**Exercise requirements:**
Your task is to print, exactly and only, the lines from the start of the entries below through the line with "Close-up of ant on wood". Include both ends, but skip the pictures.

Provided records below:

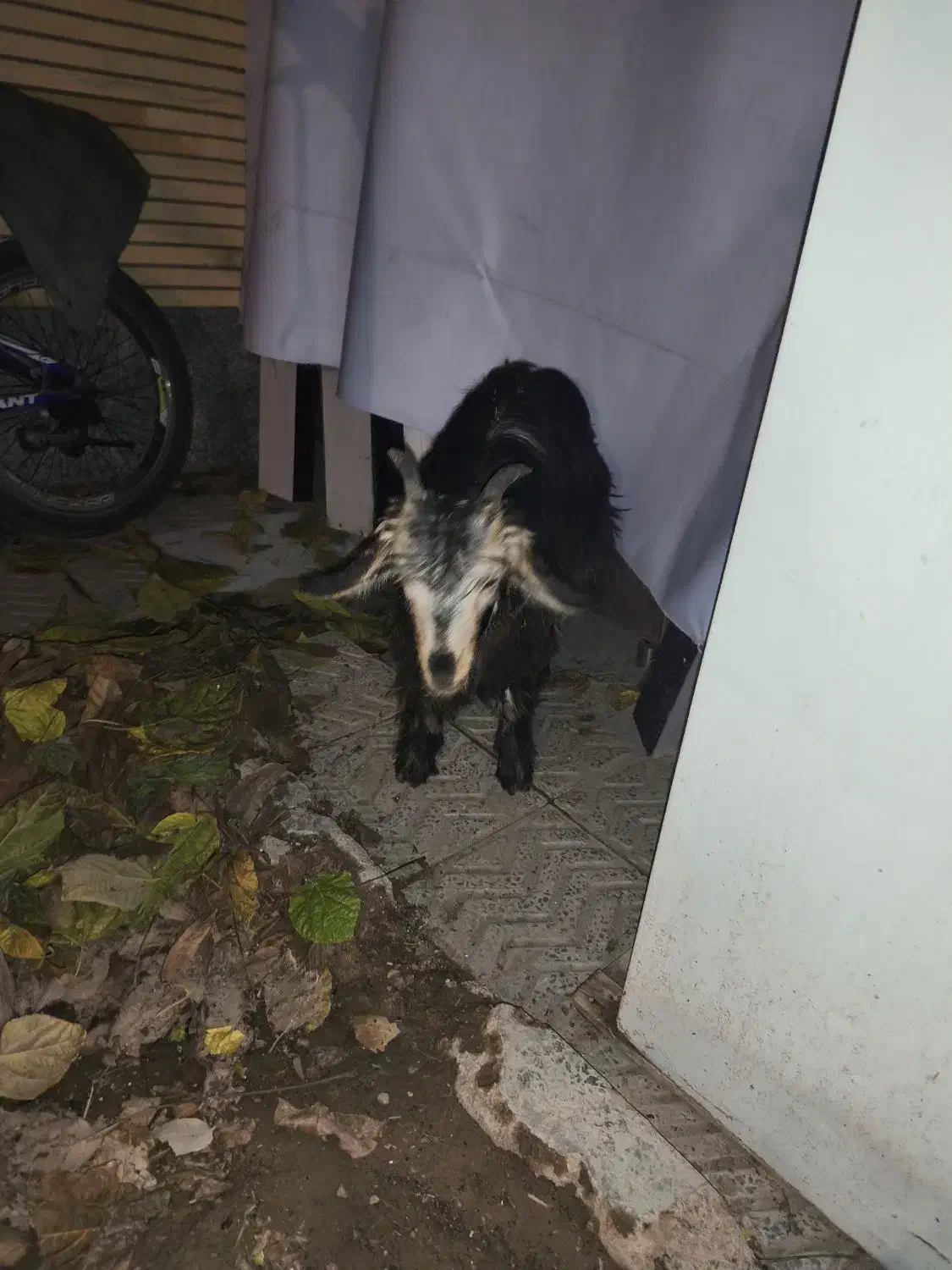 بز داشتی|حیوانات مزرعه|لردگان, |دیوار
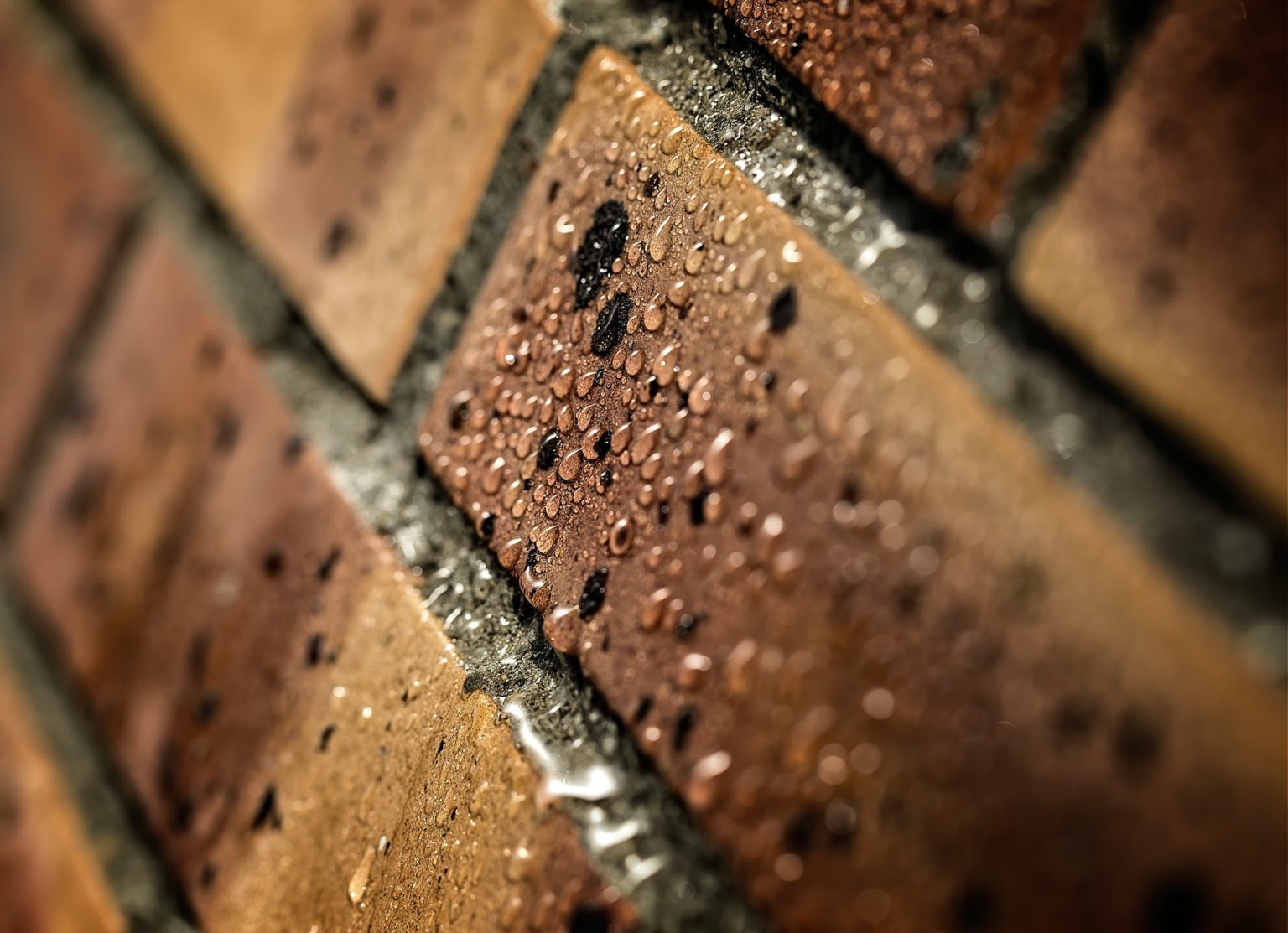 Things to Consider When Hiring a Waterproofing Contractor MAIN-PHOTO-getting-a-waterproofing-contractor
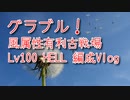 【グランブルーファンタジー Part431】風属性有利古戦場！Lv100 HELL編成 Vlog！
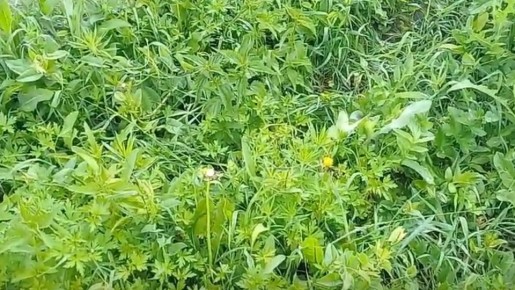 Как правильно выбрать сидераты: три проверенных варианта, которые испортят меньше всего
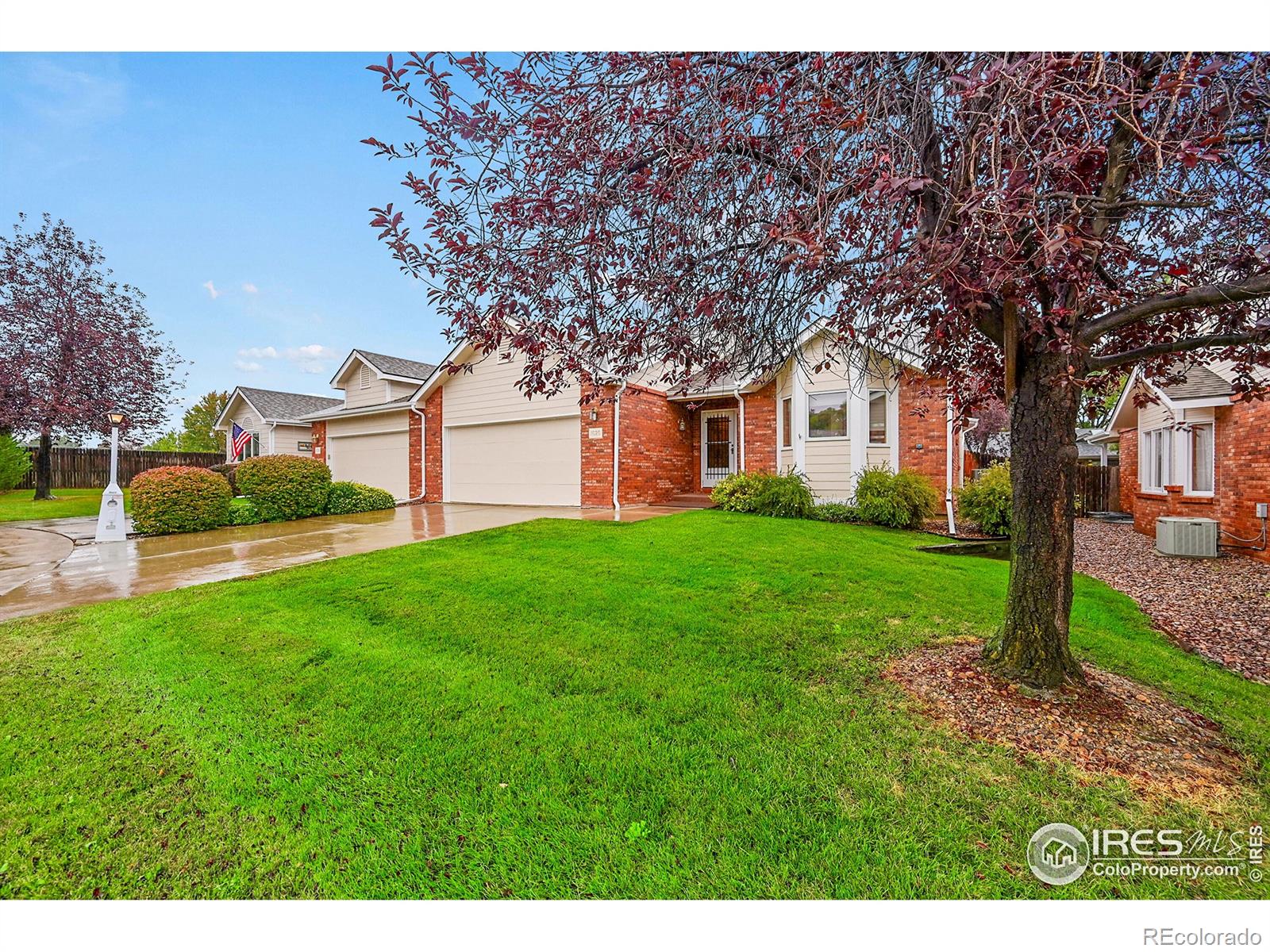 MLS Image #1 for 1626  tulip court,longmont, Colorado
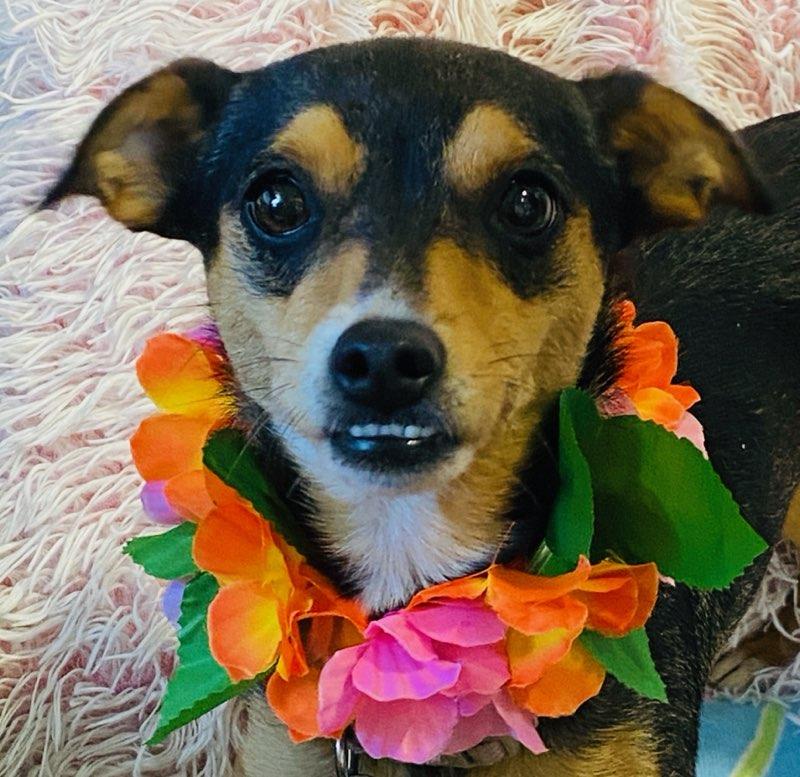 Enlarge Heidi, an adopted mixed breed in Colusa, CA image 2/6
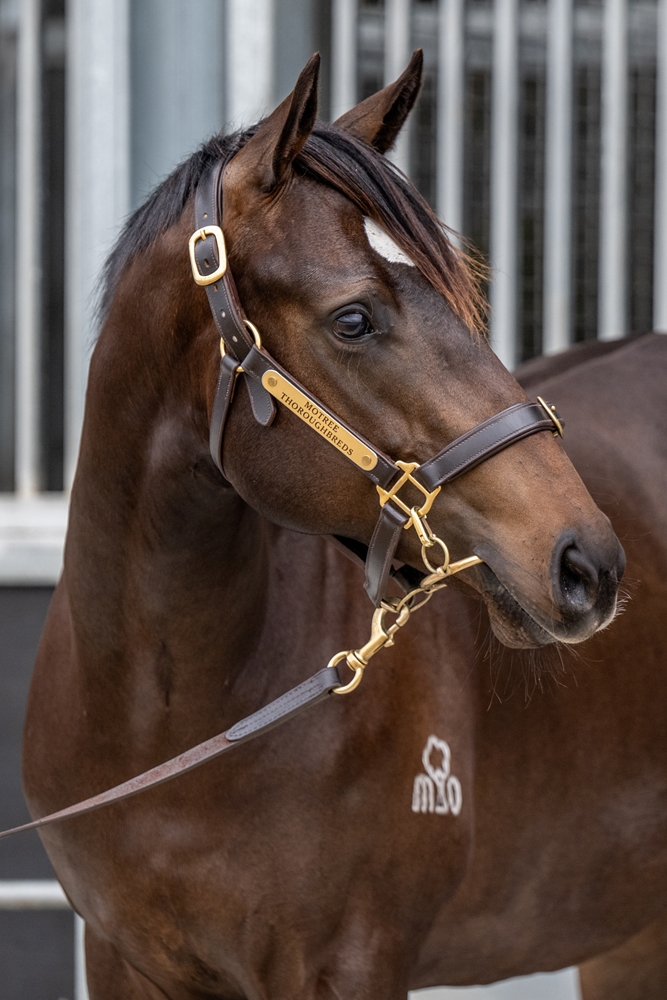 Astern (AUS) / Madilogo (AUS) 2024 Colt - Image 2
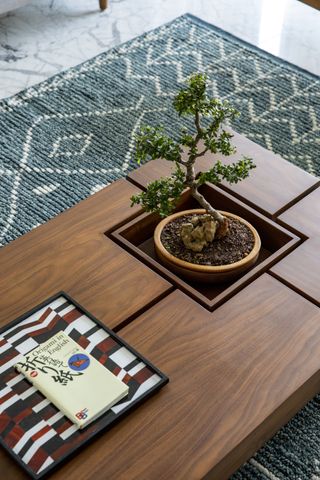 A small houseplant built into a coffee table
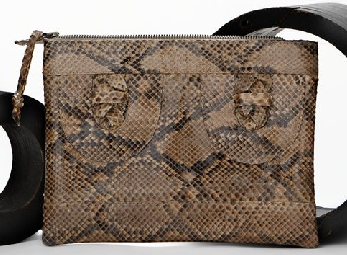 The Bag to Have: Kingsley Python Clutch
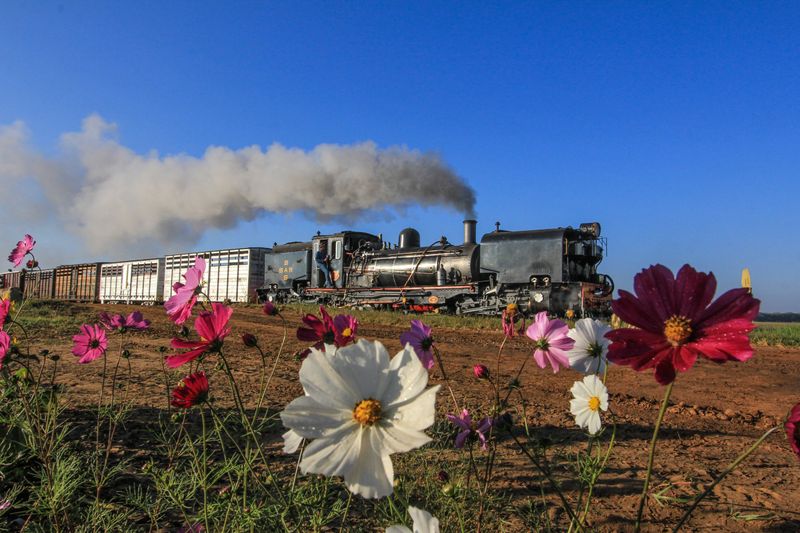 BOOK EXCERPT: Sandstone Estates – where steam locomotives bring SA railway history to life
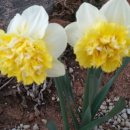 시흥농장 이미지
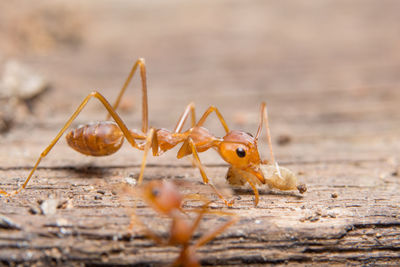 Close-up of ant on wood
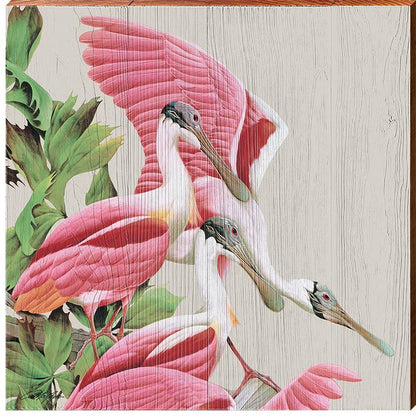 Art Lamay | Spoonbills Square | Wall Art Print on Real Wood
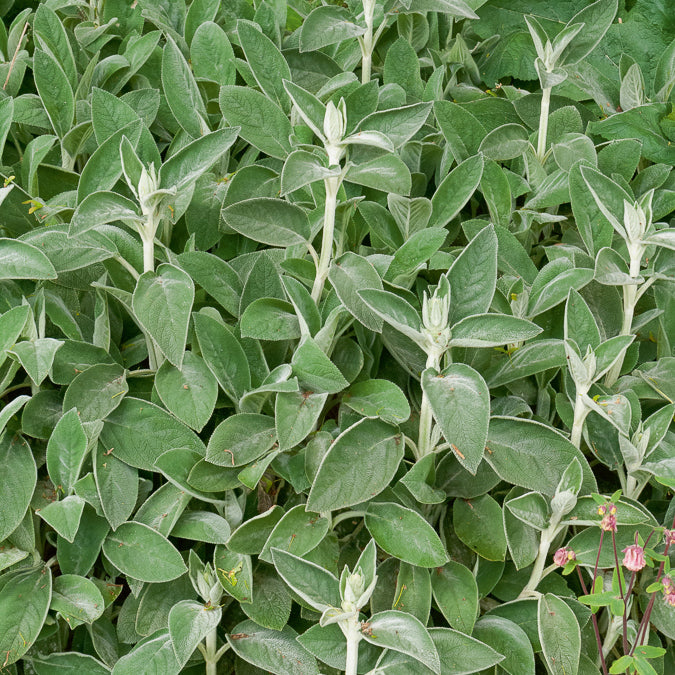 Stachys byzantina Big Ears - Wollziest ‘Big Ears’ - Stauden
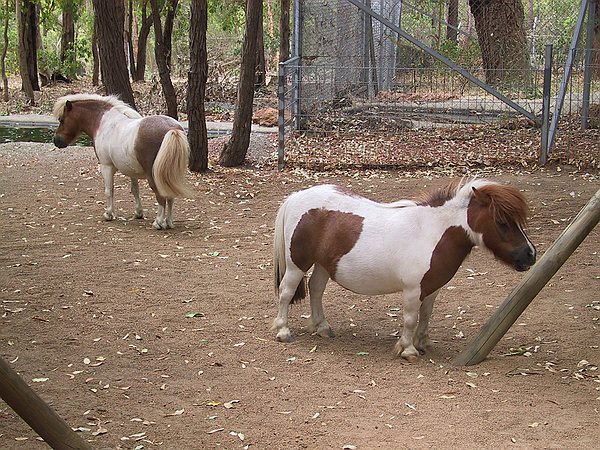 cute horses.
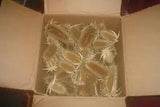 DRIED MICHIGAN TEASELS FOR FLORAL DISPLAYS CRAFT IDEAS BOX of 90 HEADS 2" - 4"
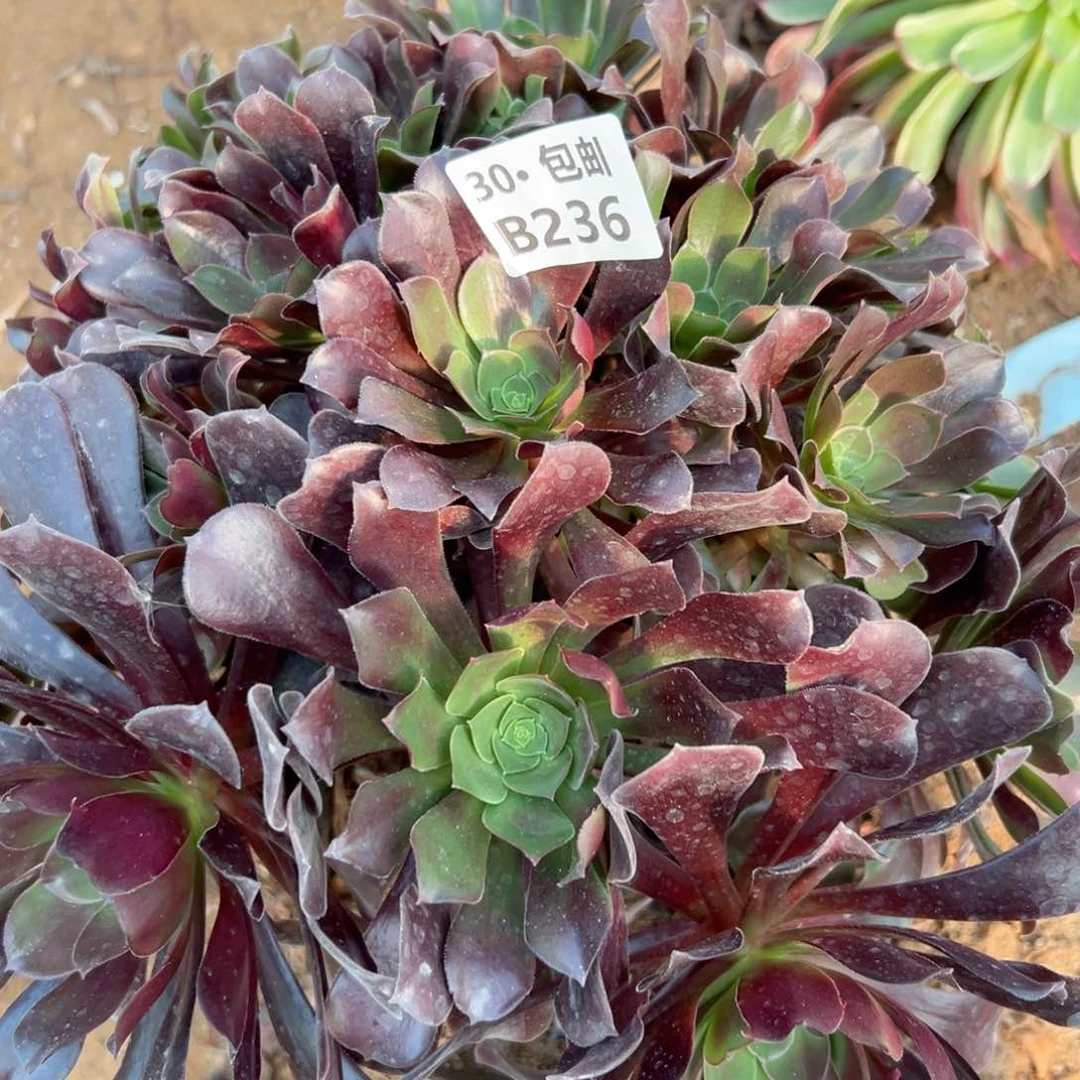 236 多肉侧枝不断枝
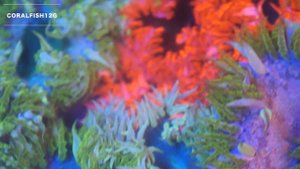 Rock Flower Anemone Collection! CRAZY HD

End of Provided records.

**Response:**
 بز داشتی|حیوانات مزرعه|لردگان, |دیوار
 Things to Consider When Hiring a Waterproofing Contractor MAIN-PHOTO-getting-a-waterproofing-contractor
 【グランブルーファンタジー Part431】風属性有利古戦場！Lv100 HELL編成 Vlog！
 Как правильно выбрать сидераты: три проверенных варианта, которые испортят меньше всего
 MLS Image #1 for 1626  tulip court,longmont, Colorado
 Enlarge Heidi, an adopted mixed breed in Colusa, CA image 2/6
 Astern (AUS) / Madilogo (AUS) 2024 Colt - Image 2
 A small houseplant built into a coffee table
 The Bag to Have: Kingsley Python Clutch
 BOOK EXCERPT: Sandstone Estates – where steam locomotives bring SA railway history to life
 시흥농장 이미지
 Close-up of ant on wood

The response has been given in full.